* Work request:
Write out only the lines from the top of the listing below through the one with "A senior woman", exactly as they stand, while keeping pictures out of the copy.

(Material provided)

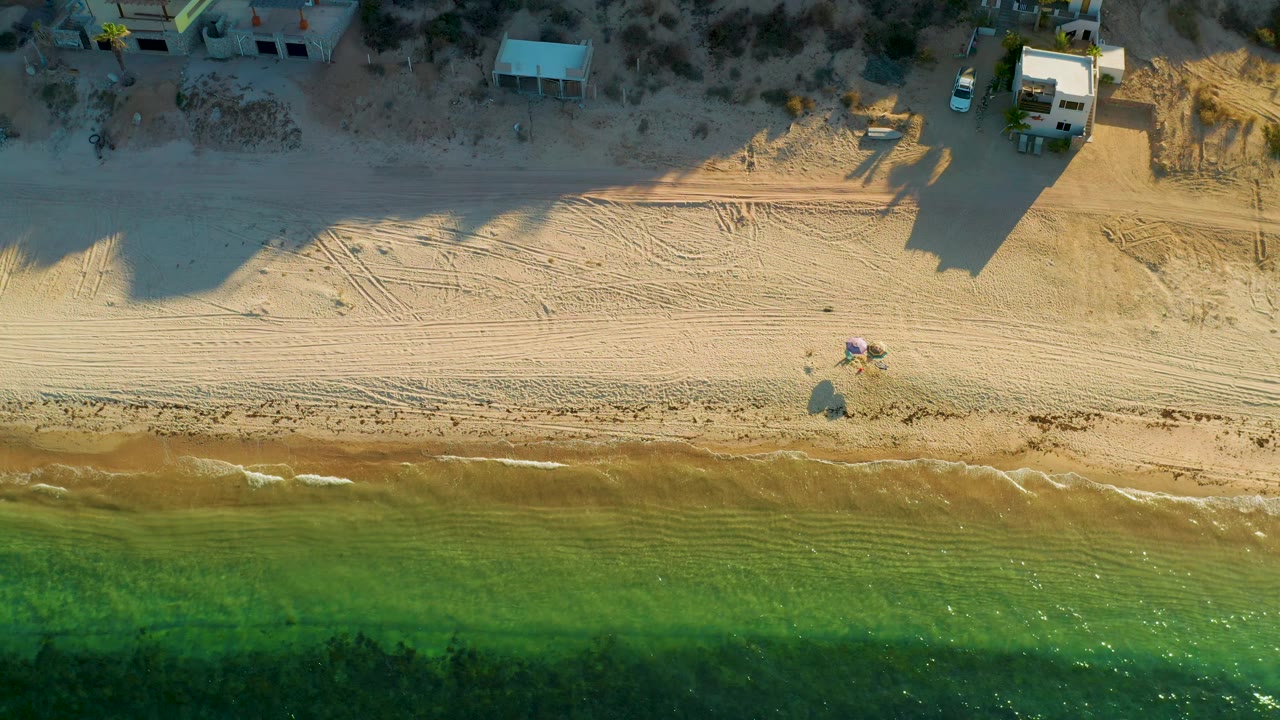 Overhead view in El Sargento La Ventana, Mexico, with a narrow surf line, broad pale sand, colorful beach shade near the lower sand area, and small structures along the upper beach edge.
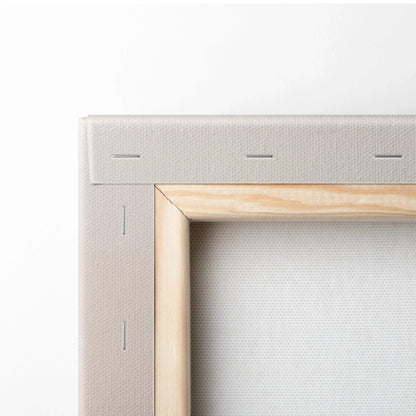 Corner close-up of stretched natural wood frame canvas art with visible white canvas texture and staples.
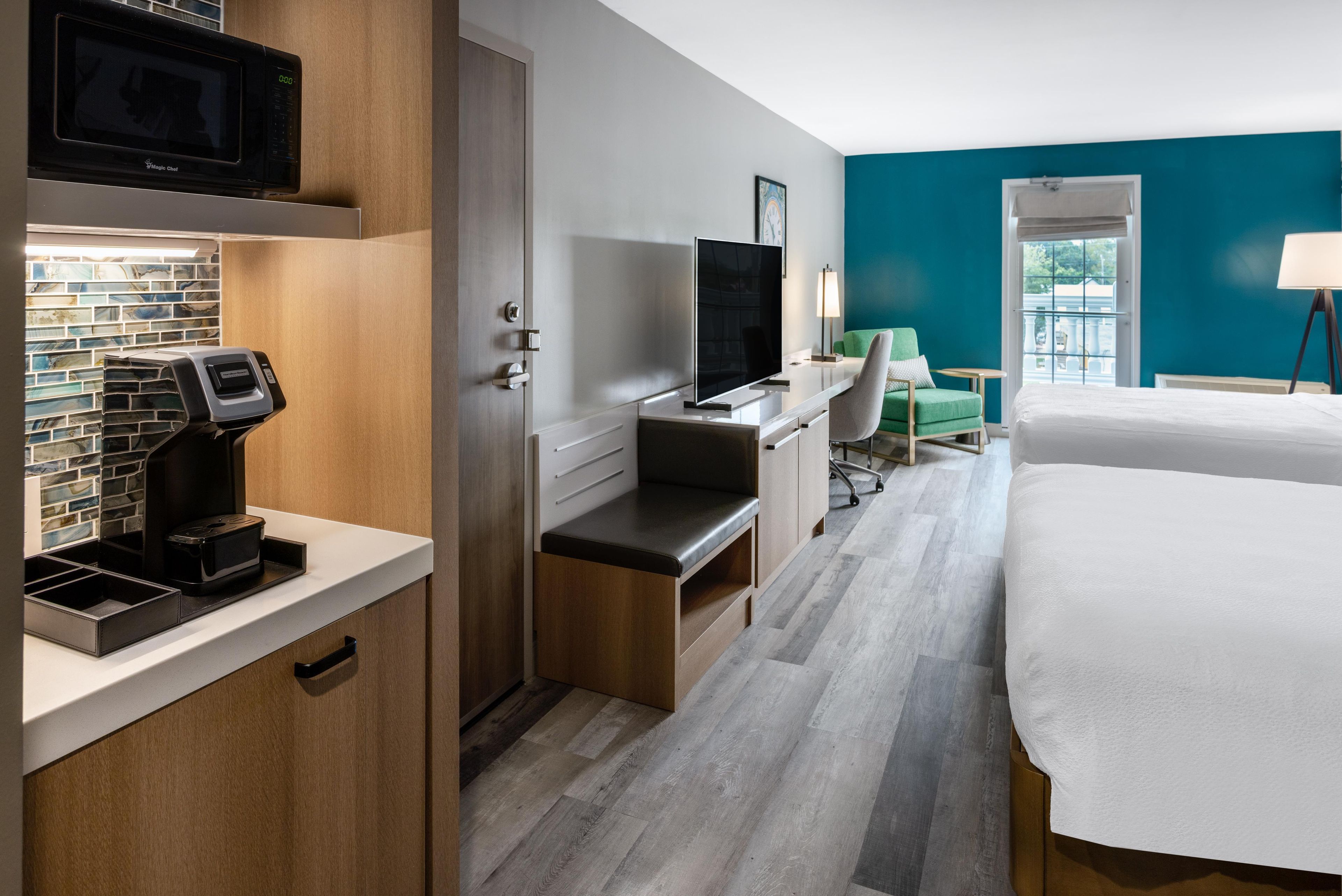 A hotel room with a bed, desk, chair, TV, and a view of the outdoors.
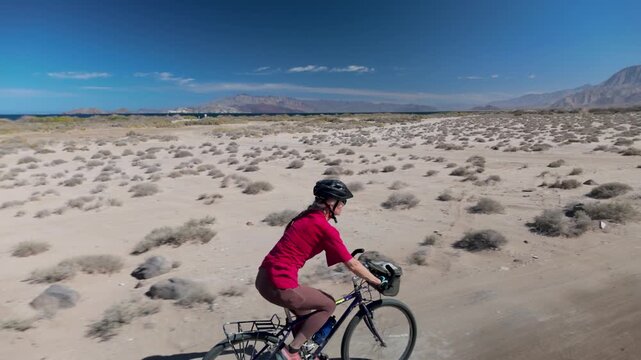 A senior woman enjoys biking along Bahia De Los Angeles near La Gringa on a sunny day by the Sea of Cortez in Mexico.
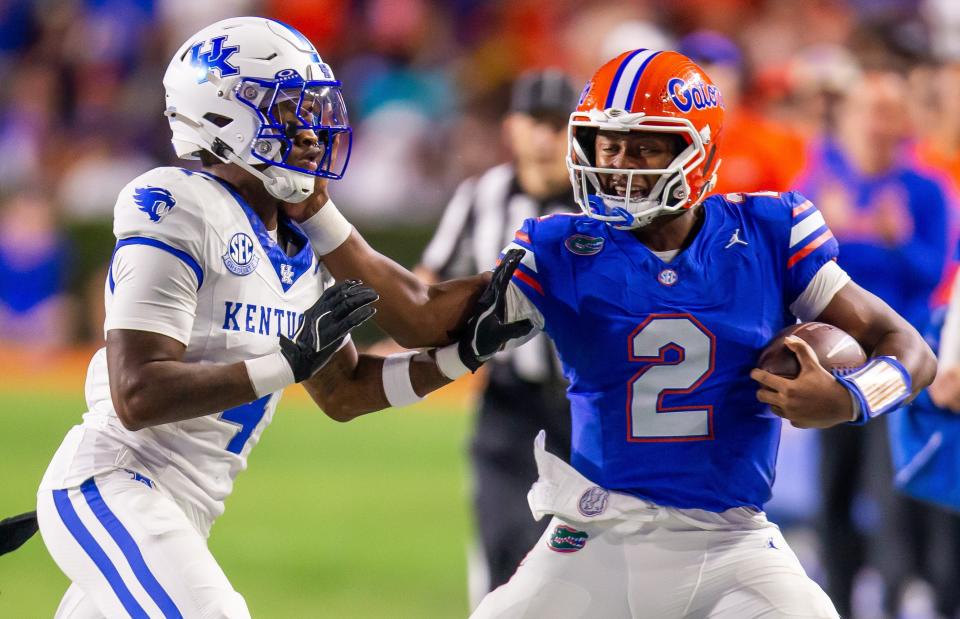 Florida Gators quarterback DJ Lagway (2) stiff arms Kentucky Wildcats defensive back Kristian Story (4) during the first half at Ben Hill Griffin Stadium in Gainesville, FL on Saturday, October 19, 2024 against the Kentucky Wildcats. [Doug Engle/Gainesville Sun]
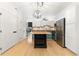 Bright kitchen with an island, pendant lighting, stainless steel appliances, and light wood floors at 3225 Blake St # 6, Denver, CO 80205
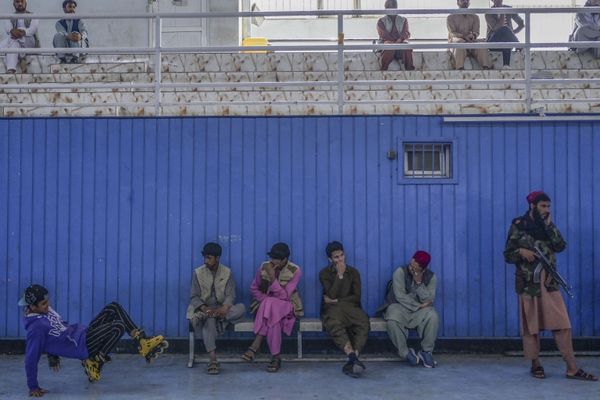 A youth (L) warms up before showing his skills during an event organised for the visit of the Taliban's director of physical education and sports, Bashir Ahmad Rustamzai (not pictured), at a gymnasium in Kabul on 14 September 2021. - Sputnik International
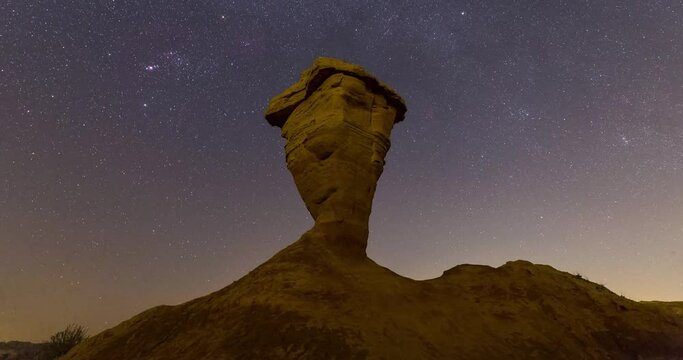 Night sky full of stars in Iran natural landscape of dark sky wonders and alone single desert rock cliff made by wind erosion at night camping adventure visit attraction in Iran astronomy photography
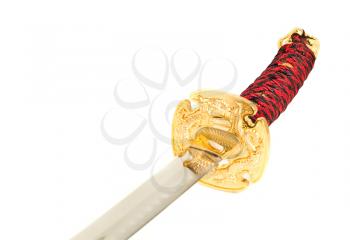 Closeup of golden katana sword isolated on white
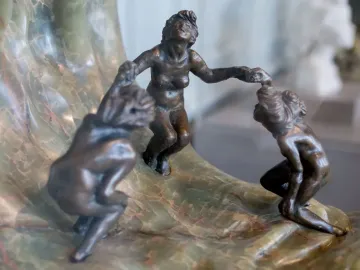 Three dark bronze nude figures holding hands on The Wave sculpture with a curling marbled stone base.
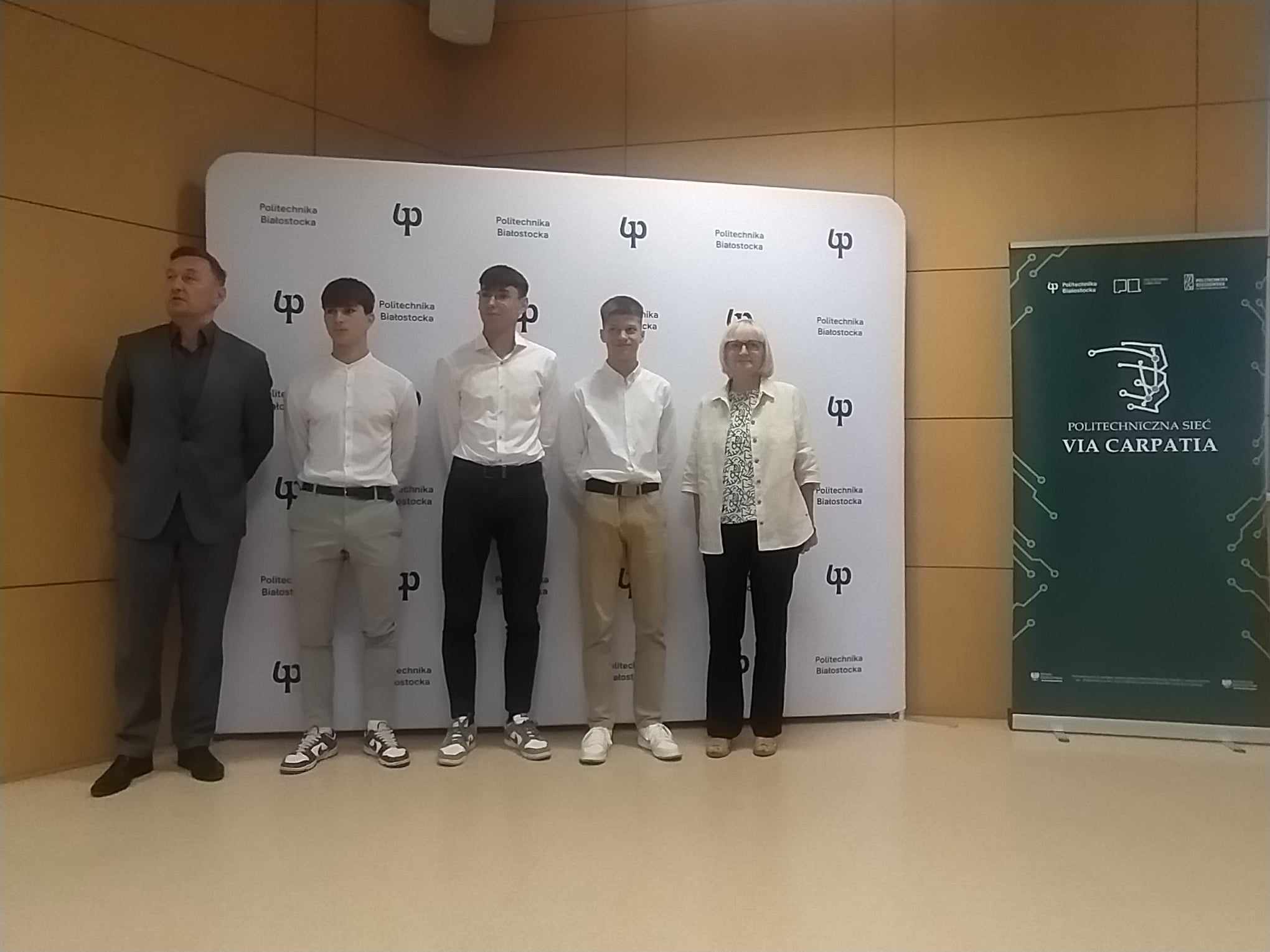 Trzech licealistów i dwie osoby dorosłe stoją na scenie.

(End Material provided)

* Result:
 Overhead view in El Sargento La Ventana, Mexico, with a narrow surf line, broad pale sand, colorful beach shade near the lower sand area, and small structures along the upper beach edge.
 Corner close-up of stretched natural wood frame canvas art with visible white canvas texture and staples.
 A hotel room with a bed, desk, chair, TV, and a view of the outdoors.
 A senior woman enjoys biking along Bahia De Los Angeles near La Gringa on a sunny day by the Sea of Cortez in Mexico.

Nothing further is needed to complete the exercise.